*DATA FOR ANALYSIS*.
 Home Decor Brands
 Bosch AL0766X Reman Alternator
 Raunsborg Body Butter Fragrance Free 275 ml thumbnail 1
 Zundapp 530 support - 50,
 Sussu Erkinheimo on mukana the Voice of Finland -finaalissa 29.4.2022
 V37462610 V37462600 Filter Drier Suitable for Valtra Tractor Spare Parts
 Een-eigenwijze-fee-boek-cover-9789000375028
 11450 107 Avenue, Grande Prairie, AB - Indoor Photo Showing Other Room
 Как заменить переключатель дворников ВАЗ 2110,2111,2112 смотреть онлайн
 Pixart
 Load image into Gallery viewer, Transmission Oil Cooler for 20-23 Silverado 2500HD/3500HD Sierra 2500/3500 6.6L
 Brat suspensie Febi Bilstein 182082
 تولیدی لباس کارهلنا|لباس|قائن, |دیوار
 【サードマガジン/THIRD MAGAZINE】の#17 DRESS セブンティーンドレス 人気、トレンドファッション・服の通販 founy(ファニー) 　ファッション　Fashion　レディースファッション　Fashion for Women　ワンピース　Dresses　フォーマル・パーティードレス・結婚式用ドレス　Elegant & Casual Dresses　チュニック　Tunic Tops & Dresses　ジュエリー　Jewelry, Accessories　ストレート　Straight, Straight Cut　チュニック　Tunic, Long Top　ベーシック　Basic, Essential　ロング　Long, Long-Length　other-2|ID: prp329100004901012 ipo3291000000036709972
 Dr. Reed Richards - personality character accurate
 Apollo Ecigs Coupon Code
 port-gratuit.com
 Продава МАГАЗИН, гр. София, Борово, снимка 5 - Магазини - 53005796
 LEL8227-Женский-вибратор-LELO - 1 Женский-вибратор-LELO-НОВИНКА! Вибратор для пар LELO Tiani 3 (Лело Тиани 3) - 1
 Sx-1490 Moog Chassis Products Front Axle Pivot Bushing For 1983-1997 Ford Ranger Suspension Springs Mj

*PROBLEM TO SOLVE*. No line before the one containing "Dr. Reed Richards" should be copied; restate that line and all the rest through the end of the data above word for word.

*WRITTEN SOLUTION*.
 Dr. Reed Richards - personality character accurate
 Apollo Ecigs Coupon Code
 port-gratuit.com
 Продава МАГАЗИН, гр. София, Борово, снимка 5 - Магазини - 53005796
 LEL8227-Женский-вибратор-LELO - 1 Женский-вибратор-LELO-НОВИНКА! Вибратор для пар LELO Tiani 3 (Лело Тиани 3) - 1
 Sx-1490 Moog Chassis Products Front Axle Pivot Bushing For 1983-1997 Ford Ranger Suspension Springs Mj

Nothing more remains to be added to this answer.